第四候の土が潤い、生気が満ち、生き物が目覚め始める感じは、春が生命が漲り、張ることに由来するというように、季節の端境の嵐の雨に、大きな鳥が飛ぶように大きな葉が落ち、しかし同時に芽吹きが始まり、また花の季節が始まるさまは、チェンマイでも時を同じくしています。
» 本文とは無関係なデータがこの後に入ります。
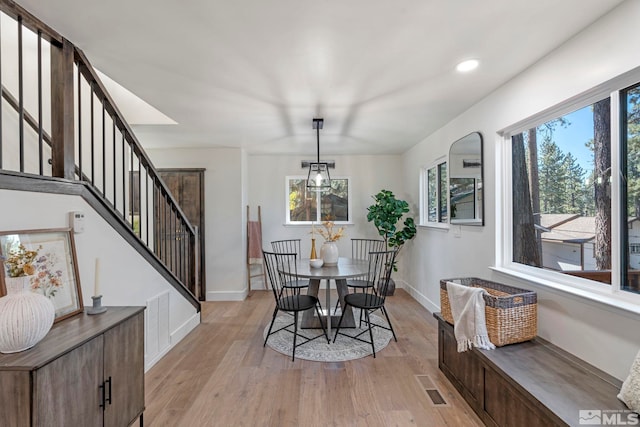 dining space with light hardwood / wood-style flooring and plenty of natural light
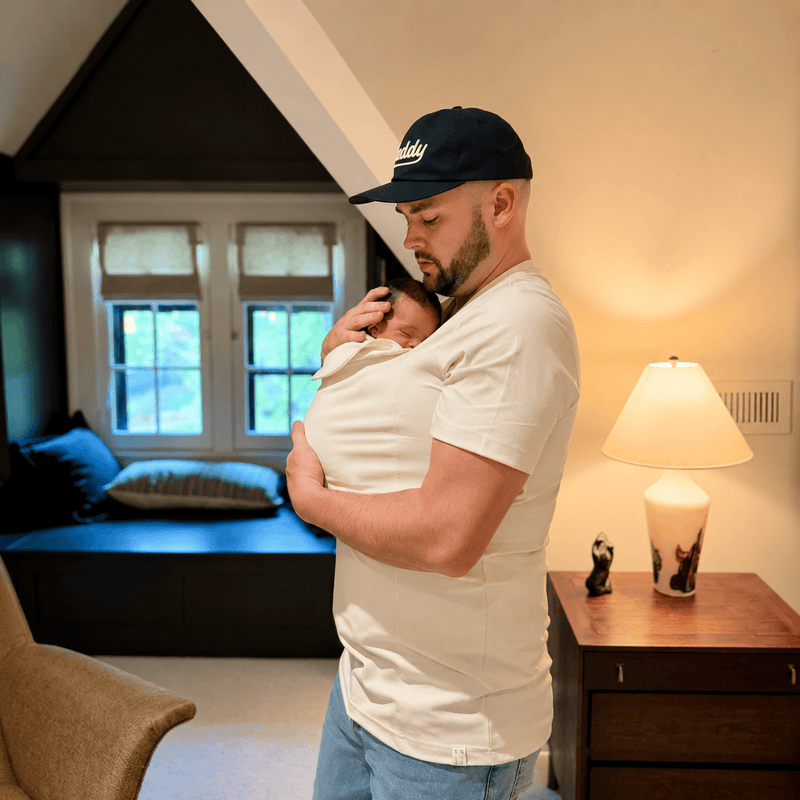 Dad babywearing indoors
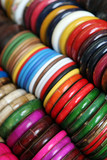 Fototapeta Tęcza - Rows of colorful wooden bracelets - shallow DOF.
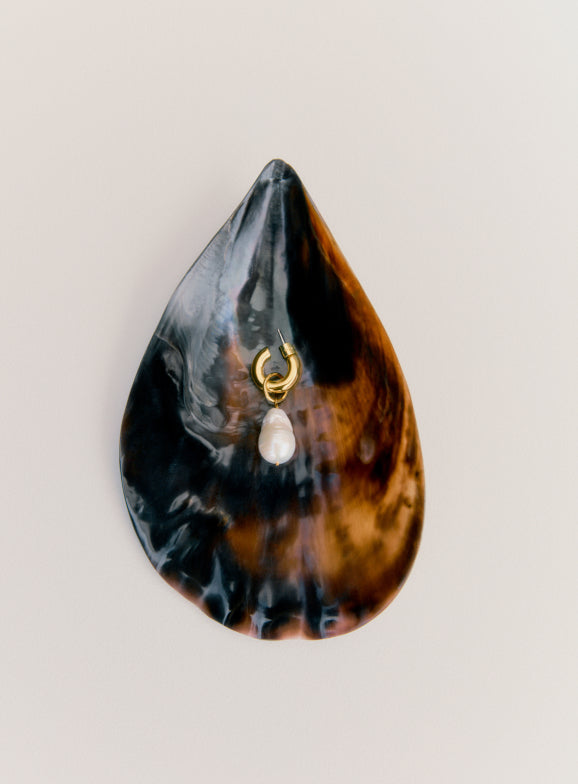 Shell-shaped object with a hanging pendant attached.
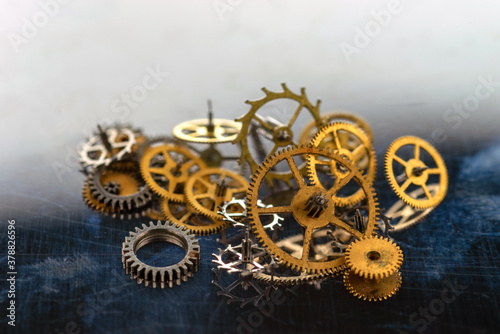 A bunch yellow metal gears of various sizes. Selective focus. © vladk213
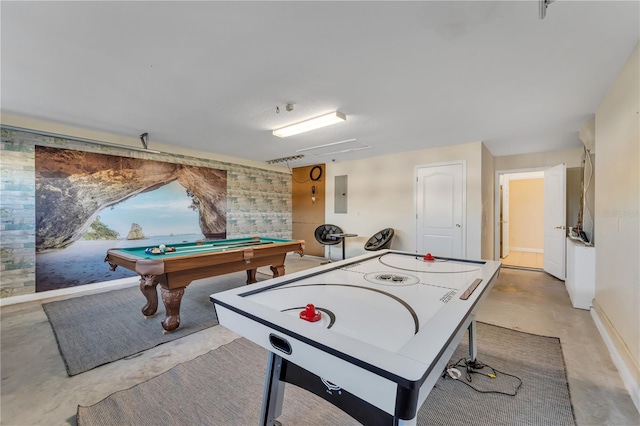620 Old Bridge Cir, Davenport, FL 33897 - playroom featuring concrete flooring, electric panel, billiards table, and baseboards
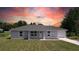 Charming single-story home with a well-maintained lawn and neutral paint, illuminated by a vibrant sunset backdrop at 5635 Nw 2Nd St, Ocala, FL 34482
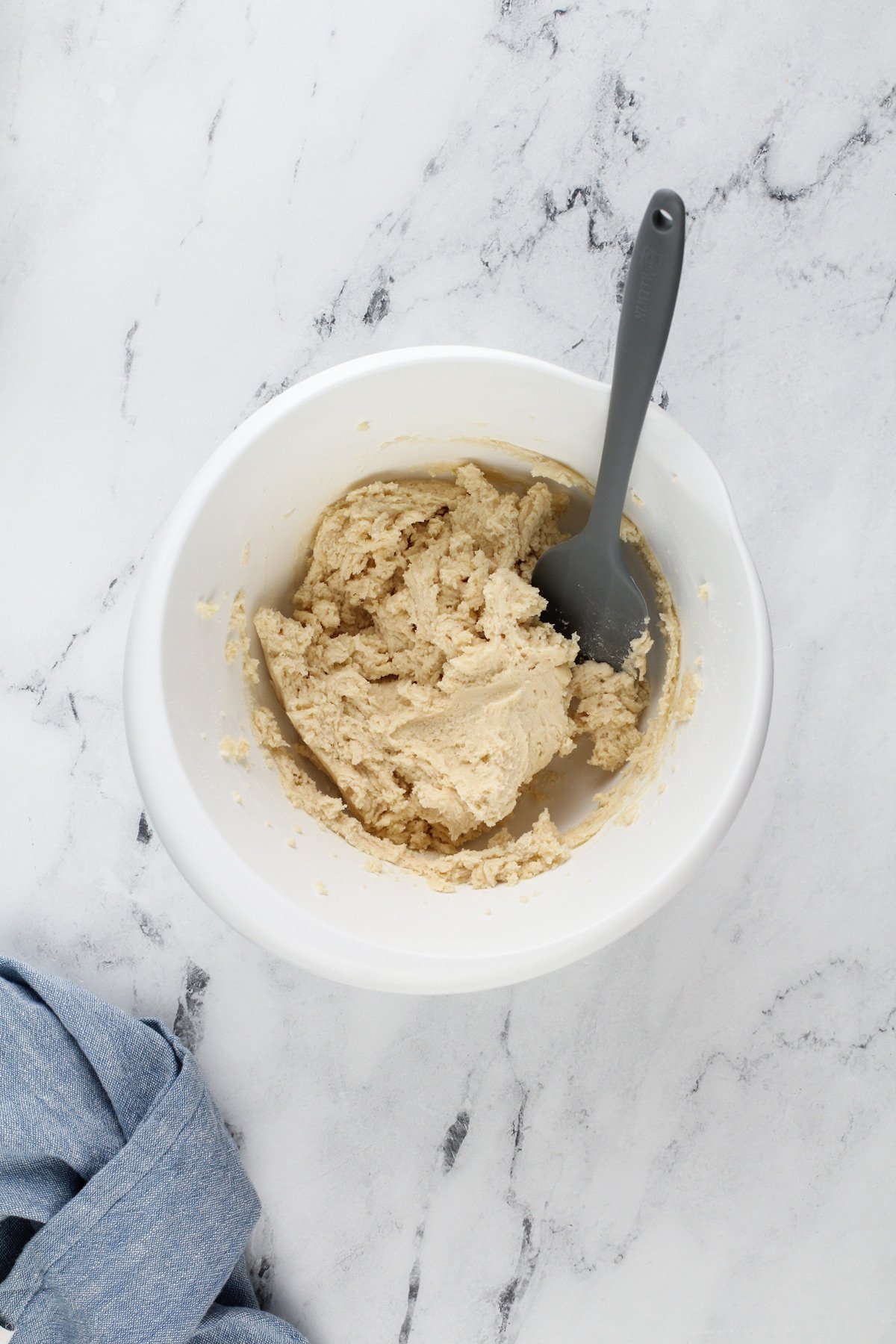 Dough for the crust for layered lemon dessert in a white mixing bowl.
無論、嵐の雨のあと、この国にやってくるのは厳しい日照と乾きではあるのですが、それにも負けず花々がみずみずしく咲くのには、やはり土と水の力を感じずにはおれません。
そんな中、用事があって出かけた郊外からの帰り道、普段は寄り道は好まない家人の提案で、一年半ぶりに立ち寄った山の中の隠れ家めくカフェは、ロックダウンの影響もあって、居るのは私たちだけ。
あたりは白いバウヒニアやチョムプーパンティップ、ルアンインディアが花盛り。満開の花は西日に透け、そして小さなハンカチを落とすようにぱたりぱたりと花を散らせ、頭上も地面もベンチも花に覆われ、見る人もないまま優美な生滅の情景ががそこにはあったのでした。
ちなみに、チョムプーパンティップ(モモイロノウゼン)、ルアンインディア(コガネノウゼン)は、ルアンインディアにいたっては「インドの黄色」という名前にも関わらず、どちらも南米が原産の花たちです。
他にも、タイではすっかり身近なレインツリーも北米原産ならば、何より料理に欠かせない唐辛子も南米の植物です。タイの風景の一部になっている、花や植物の中、今も大航海時代からの人や物の行き来が残響しているような気がします。